Crime victims ignored and confused, says Baroness Newlove
Victims in England and Wales are still being let down by the justice system, according to an independent review.
Baroness Newlove, the Victims' Commissioner, said many people who raised concerns about their treatment were left feeling ignored.
Helen Newlove came to prominence after her husband was killed by a gang of youths outside their home in 2007.
This is her first major review since being appointed as a commissioner in 2012.
The report looked at the experiences of more than 200 victims who had complained about how they were dealt with by services including the police, probation and the courts system.
'Dismissed and confused'
Almost 75% of those consulted said they were unhappy with the response they received and more than 50% found the relevant agency's complaints process difficult to use.

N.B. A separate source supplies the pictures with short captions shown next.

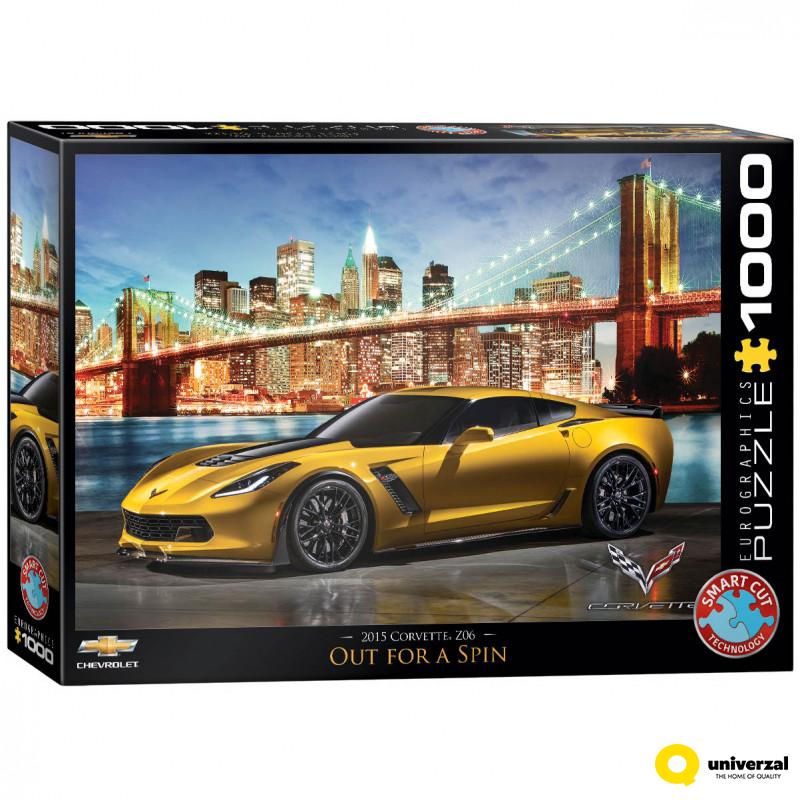 PUZZLE 1000 DELOVA 6000-0735 CORVETTE Z06 OUT FOR A SPIN 
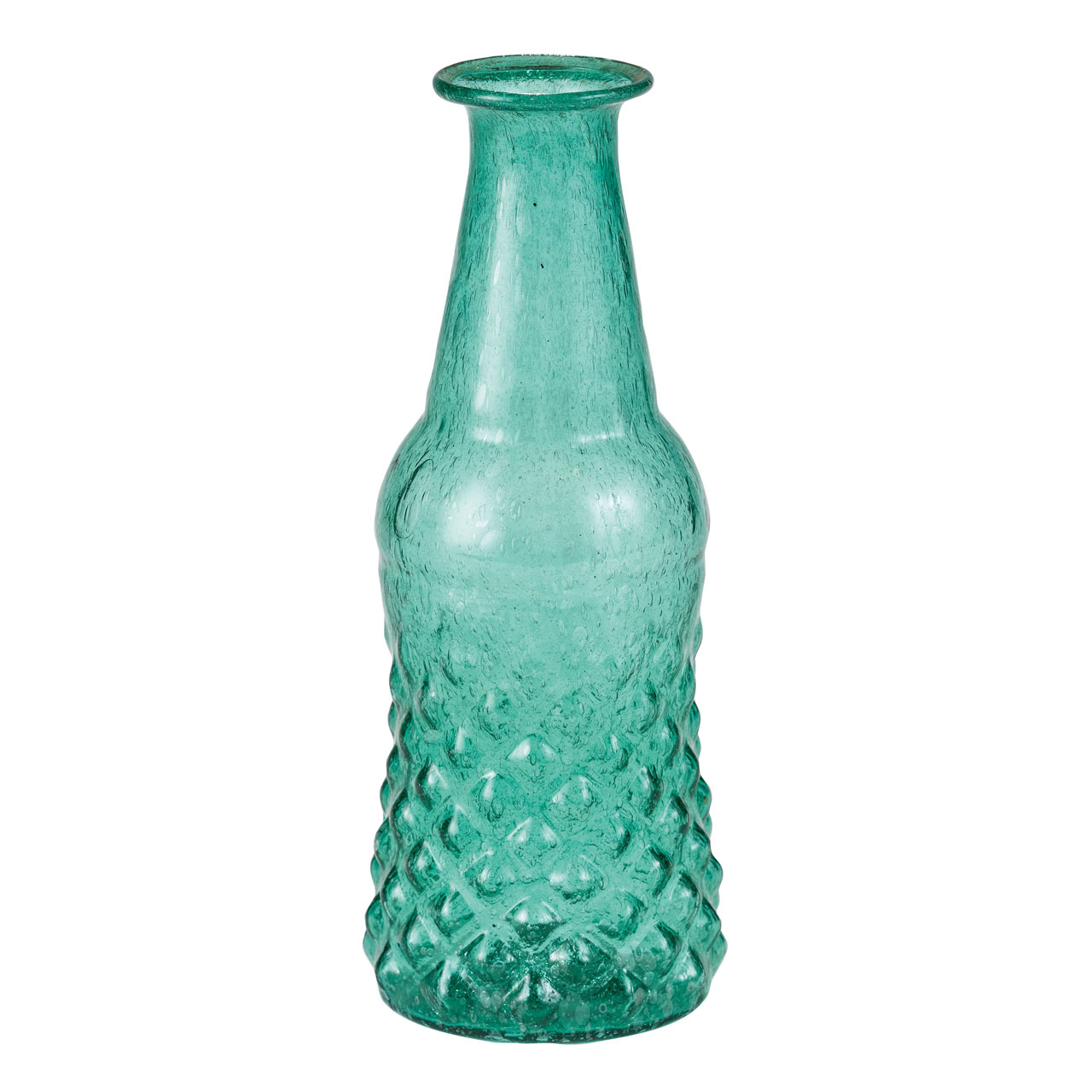 ガラスベースグリーン　花瓶　一輪挿し　ガラス　花器　ベース　KK152111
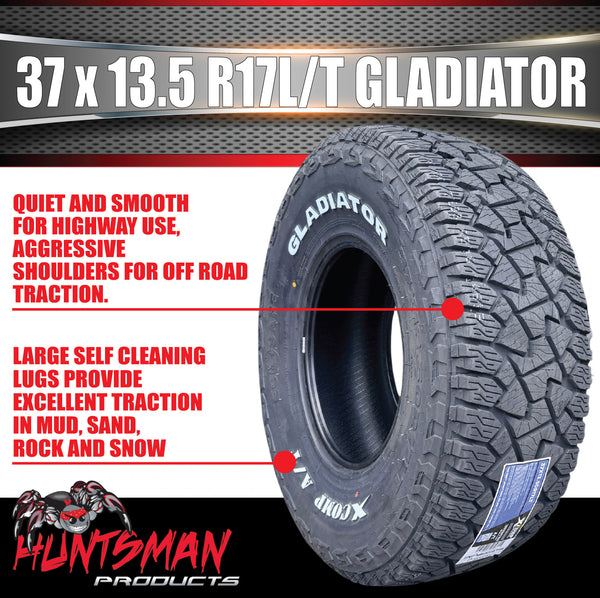 Gladiator X-COMP 37x13.5R17 L/T 131Q 10PR 4x4 All Terrain Tyre 37 13.50 17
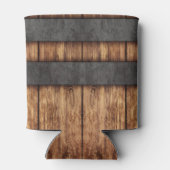 Rustic Wood Grain Blikjeskoeler (Achterkant)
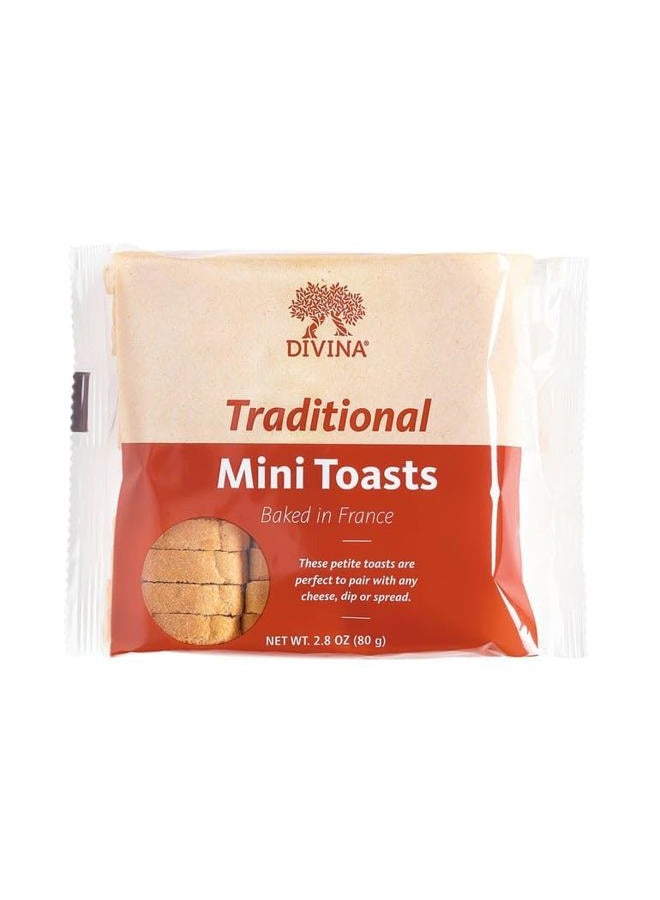 Divina Mini Toasts, 2.75 oz. - Image 1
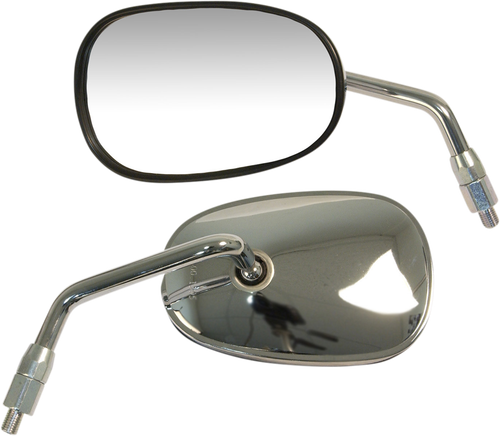 EMGO Mirror - OEM/Replacement - Rectangle - Chrome - Left - Each 20-29712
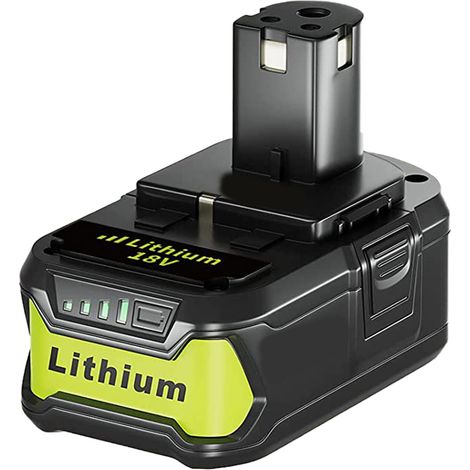 P108 18V 5.0Ah Li-Ion Ersatzbatterie für Ryobi Akku One-Akku P108 P107 P105 P104 P103 P102 RB18L50 RB18L40 RB18L25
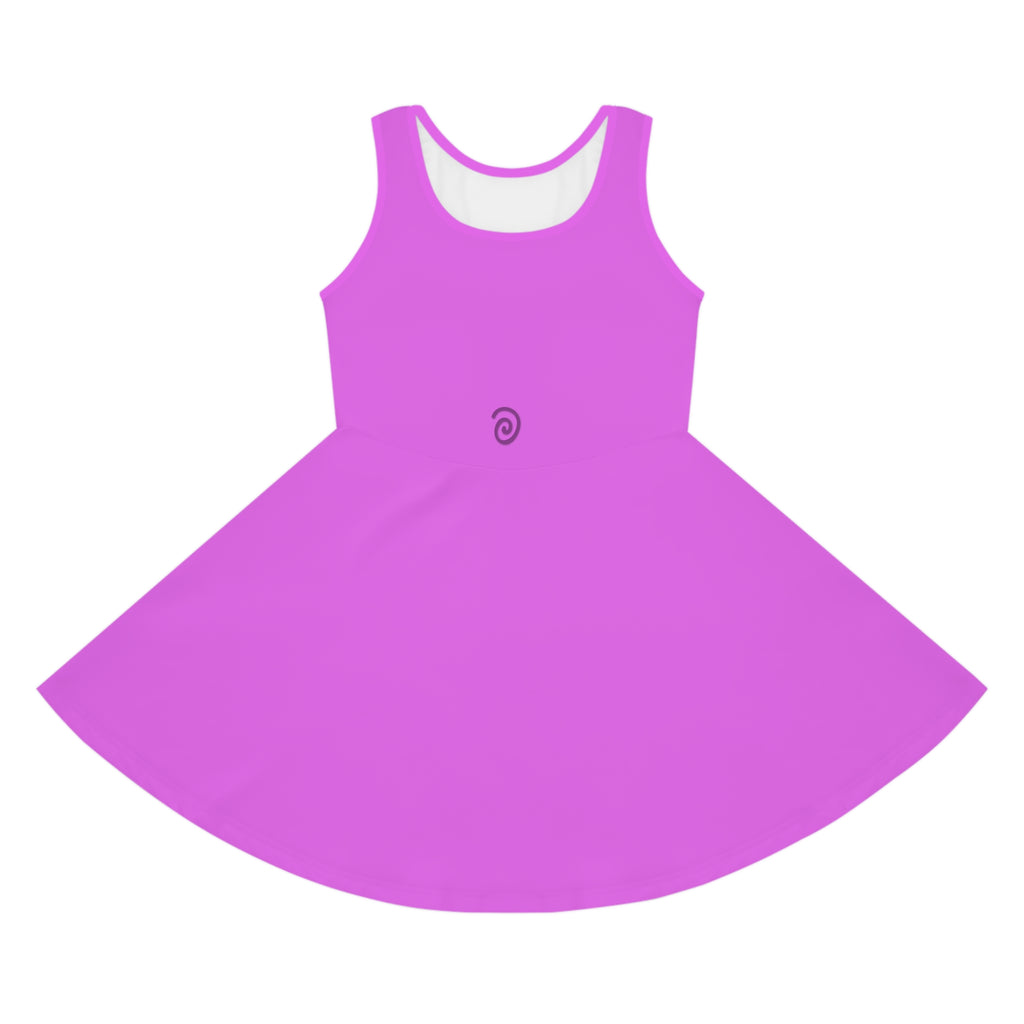 Pain Panic Girls Dress purple Hercules Kids Costume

She told BBC Radio 4's Today programme that victims need time, understanding and compassion.
"Victims will only be at the heart of the criminal justice system if you allow them to understand the journey they are going through," she said.
Baroness Newlove said it was clear many victims were still not getting the service they deserved and there was a gap between what criminal justice agencies described and the victim's experience.
"All it takes is basic human decency to explain to a victim, in a sensitive and timely way, why something has gone wrong and what they can do about it." she said.
"It is shocking how many victims told me how ignored, dismissed and confused they felt when they tried to raise concerns about their treatment."
One victim said the complaints process was so daunting that it "was almost worse than the actual journey of being a victim".
Another told the review: "I'm just frightened. I think they will harass me if I complain about the way they have treated me and my daughter."
The commissioner has laid out a new set of standards which she expects the government and agencies to adopt when responding to concerns from victims.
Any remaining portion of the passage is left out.